Information on the McBurney Professional Training Program can be found under Research


2016 McBurney Fellows

Andreane Bellon de Chassy (Faculty of Agricultural and Environmental Sciences): Travelling to Colombia as part of a food security team to investigate ideal markets and regions for the sale and use of nutritious, disease-resistant potatoes.

Benjamin Demers (Faculty of Arts, Geography): Travelling to Ecuador to help map Tapiabamba village, a marginalized community being affected by a state-run mega-project.

Brendan Timmins (Nursing). Travelling to Haiti to collaborate on the advancement of nursing research in the area of postoperative care.

Deboleena Mazumdar (Faculty of Arts and Science, Cognitive Science). Travelling to Ecuador to help map Tapiabamba village, a marginalized community being affected by a state-run mega-project.

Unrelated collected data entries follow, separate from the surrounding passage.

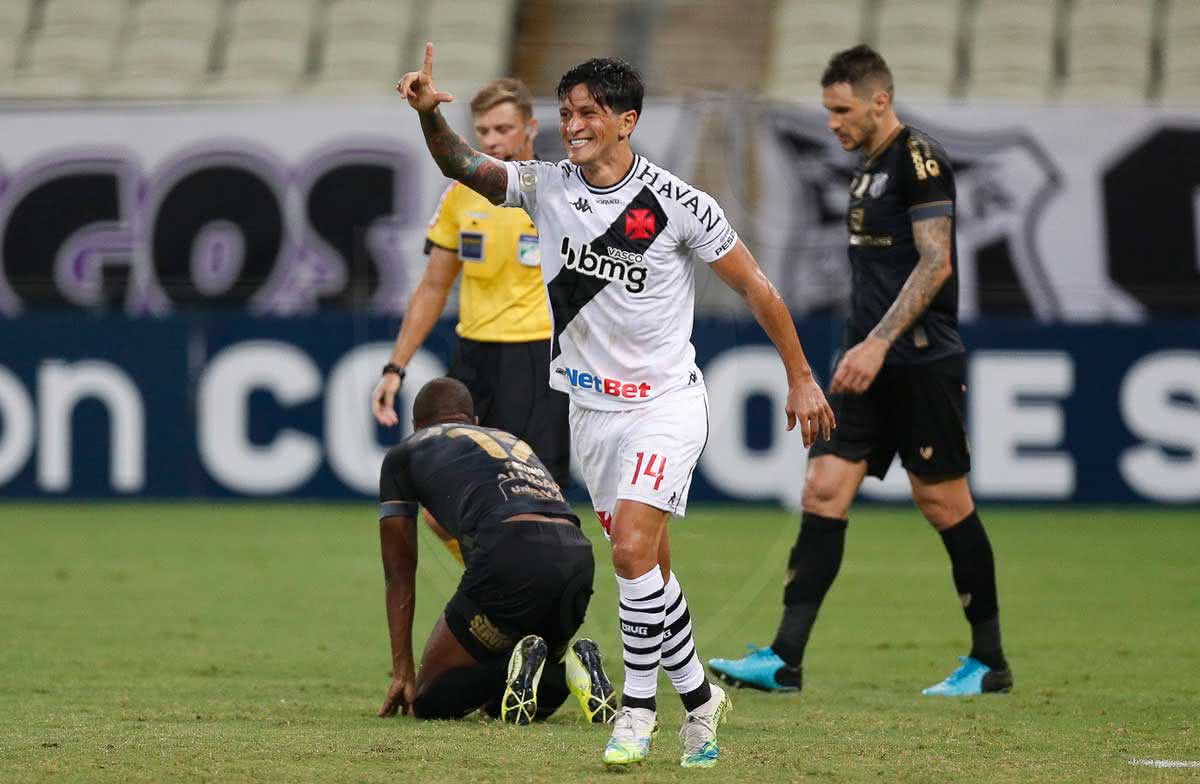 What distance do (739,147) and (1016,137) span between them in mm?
2169

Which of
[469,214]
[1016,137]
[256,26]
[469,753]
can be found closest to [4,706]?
[469,753]

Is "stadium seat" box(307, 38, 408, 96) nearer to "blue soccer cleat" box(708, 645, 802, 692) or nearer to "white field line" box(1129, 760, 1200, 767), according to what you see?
"blue soccer cleat" box(708, 645, 802, 692)

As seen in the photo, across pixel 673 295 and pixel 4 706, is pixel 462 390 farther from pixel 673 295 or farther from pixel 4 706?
pixel 4 706

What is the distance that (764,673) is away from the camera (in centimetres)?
719

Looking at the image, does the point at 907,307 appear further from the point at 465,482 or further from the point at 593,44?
the point at 593,44

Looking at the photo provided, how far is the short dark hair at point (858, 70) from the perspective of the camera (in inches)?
285

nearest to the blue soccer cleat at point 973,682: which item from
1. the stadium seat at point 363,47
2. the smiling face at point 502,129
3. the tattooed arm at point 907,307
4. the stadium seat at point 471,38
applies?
the tattooed arm at point 907,307

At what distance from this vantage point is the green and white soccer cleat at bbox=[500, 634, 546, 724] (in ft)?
20.4

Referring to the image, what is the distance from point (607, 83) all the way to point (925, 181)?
2084 millimetres

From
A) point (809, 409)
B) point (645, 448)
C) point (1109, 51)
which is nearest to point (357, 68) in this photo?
point (1109, 51)

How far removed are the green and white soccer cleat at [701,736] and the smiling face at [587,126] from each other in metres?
1.66

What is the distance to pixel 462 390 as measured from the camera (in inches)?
268

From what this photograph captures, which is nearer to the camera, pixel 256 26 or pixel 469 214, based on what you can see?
pixel 469 214

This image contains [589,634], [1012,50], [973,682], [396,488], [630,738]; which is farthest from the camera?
[1012,50] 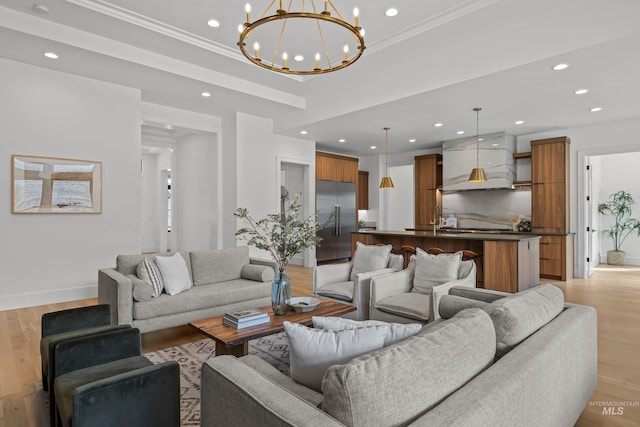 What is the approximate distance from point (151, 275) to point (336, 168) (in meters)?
5.93

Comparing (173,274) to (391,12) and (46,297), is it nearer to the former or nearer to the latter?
(46,297)

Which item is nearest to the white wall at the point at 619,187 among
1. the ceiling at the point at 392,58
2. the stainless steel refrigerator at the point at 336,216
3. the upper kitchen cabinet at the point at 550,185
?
the upper kitchen cabinet at the point at 550,185

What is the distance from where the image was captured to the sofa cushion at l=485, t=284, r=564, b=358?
155 cm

Elena Bouton (Faculty of Agricultural and Environmental Sciences, Environment). Travelling to Ecuador to help map Tapiabamba village, a marginalized community being affected by a state-run mega-project.

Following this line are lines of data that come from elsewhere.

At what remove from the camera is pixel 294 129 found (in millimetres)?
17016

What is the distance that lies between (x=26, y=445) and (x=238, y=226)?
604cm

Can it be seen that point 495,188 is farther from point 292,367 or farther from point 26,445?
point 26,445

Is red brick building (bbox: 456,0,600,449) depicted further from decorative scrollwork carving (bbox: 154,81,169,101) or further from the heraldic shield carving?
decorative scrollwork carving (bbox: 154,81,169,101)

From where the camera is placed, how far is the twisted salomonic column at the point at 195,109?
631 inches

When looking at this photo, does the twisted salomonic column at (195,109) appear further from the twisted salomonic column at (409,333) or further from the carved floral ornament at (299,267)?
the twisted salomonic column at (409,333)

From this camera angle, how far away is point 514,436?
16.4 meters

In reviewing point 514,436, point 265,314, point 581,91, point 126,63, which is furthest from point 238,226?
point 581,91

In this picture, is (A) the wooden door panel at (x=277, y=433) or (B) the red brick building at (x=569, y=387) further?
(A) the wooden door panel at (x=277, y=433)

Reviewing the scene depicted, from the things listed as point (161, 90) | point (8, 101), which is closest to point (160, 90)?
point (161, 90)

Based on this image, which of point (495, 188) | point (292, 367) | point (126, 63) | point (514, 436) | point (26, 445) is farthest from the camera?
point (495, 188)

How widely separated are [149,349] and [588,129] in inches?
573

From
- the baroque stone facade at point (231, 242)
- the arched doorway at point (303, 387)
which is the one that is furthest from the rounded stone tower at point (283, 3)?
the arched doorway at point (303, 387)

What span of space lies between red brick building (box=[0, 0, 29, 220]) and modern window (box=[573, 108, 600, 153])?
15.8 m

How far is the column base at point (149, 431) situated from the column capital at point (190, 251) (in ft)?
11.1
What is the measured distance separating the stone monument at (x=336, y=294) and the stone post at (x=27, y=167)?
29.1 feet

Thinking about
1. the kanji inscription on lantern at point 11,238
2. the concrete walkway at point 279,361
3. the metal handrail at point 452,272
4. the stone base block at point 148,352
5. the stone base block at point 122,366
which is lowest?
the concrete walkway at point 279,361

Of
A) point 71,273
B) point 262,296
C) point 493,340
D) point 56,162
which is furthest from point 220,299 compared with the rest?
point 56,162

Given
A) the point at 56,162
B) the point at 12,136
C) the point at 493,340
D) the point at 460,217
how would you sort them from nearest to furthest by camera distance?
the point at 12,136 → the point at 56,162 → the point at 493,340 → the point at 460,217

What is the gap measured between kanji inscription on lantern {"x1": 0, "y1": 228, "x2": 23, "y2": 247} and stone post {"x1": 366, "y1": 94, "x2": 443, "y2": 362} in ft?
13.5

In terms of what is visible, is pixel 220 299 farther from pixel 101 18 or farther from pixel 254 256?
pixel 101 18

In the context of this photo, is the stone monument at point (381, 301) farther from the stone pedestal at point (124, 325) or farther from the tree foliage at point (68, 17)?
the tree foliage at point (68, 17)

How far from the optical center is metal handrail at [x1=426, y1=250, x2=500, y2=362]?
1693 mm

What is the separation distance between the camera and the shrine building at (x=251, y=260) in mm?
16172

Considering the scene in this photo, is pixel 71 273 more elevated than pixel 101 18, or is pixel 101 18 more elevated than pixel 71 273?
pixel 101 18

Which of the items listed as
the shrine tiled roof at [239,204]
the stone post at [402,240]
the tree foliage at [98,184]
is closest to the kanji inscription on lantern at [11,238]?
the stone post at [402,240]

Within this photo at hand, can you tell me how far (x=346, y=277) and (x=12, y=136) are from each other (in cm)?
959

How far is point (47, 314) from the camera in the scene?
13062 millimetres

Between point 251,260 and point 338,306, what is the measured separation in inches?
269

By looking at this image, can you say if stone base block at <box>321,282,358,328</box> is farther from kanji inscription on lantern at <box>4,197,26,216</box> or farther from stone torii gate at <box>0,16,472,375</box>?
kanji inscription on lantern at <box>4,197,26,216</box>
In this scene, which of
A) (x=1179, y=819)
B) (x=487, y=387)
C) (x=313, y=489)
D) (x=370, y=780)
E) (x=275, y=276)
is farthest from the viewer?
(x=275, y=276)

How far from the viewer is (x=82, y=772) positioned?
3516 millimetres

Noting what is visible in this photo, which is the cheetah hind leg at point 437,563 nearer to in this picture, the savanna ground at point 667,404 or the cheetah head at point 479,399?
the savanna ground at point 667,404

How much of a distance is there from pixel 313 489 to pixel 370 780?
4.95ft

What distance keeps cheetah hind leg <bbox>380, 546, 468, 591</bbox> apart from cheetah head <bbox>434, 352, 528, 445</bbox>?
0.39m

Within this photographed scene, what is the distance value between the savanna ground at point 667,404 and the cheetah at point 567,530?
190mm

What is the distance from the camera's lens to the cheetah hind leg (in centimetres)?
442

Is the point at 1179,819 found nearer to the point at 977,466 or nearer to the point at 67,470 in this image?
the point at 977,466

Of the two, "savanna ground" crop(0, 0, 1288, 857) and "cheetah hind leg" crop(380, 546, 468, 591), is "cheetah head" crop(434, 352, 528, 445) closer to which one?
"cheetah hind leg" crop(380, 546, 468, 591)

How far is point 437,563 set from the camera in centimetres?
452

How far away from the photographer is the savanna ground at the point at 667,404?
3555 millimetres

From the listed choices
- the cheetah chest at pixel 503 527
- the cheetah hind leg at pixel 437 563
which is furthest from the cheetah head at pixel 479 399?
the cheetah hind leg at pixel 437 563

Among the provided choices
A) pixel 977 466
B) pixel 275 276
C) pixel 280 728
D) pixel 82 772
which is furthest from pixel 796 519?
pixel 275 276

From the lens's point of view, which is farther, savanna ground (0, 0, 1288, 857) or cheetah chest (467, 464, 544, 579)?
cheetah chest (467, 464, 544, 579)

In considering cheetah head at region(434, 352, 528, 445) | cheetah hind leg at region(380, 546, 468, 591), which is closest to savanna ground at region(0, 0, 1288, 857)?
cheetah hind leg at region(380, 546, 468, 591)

Fanny Boudet (Faculty of Agricultural and Environmental Sciences, Global Food Security). Travelling to Peru as part of a team helping to preserve and protect local medicinal knowledge in the Amazon, bridging Western and traditional practices.

Hannah Reardon (Faculty of Arts, Anthropology and Political Science). Travelling to Brazil to volunteer with and document the role of foreigners in local NGOs, as a way of understanding development dynamics in marginalized communities.

Jean-Yves Taranger (Faculty of Education). Travelling to Mexico to participate in the development of a community cultural museum as part of the development of educational programs. 

Joan Hermann (Faculty of Arts, School of Environment). Travelling to Panama to participate with a team investigating degraded landscaped in the Panama Canal watershed, analyze causes and implement solutions.

Marc Malloy (Faculty of Arts, International Development). Travelling to Bolivia to address sustainable solutions to food insecurity in urban areas. 

Marie-Lou Despoux (Faculty of Science, Environment). Travelling to Guatemala to investigate methods of increasing local knowledge documentation and sharing among farming communities to increase agricultural resiliency and food security.

Max Malloy (Faculty of Arts, International Development). Travelling to Bolivia to address sustainable solutions to food insecurity in urban areas. 

Rebecca Park (Arts & Science, Environment). Travelling to Peru as part of a team helping to preserve and protect local medicinal knowledge in the Amazon, bridging Western and traditional practices.

Sally Maxwell (Faculty of Science, School of Environment). Travelling to Peru as part of a team helping to preserve and protect local medicinal knowledge in the Amazon, bridging Western and traditional practices.

Sophie Kronk (Faculty of Arts, International Development). Travelling to Bolivia to address sustainable solutions to food insecurity in urban areas.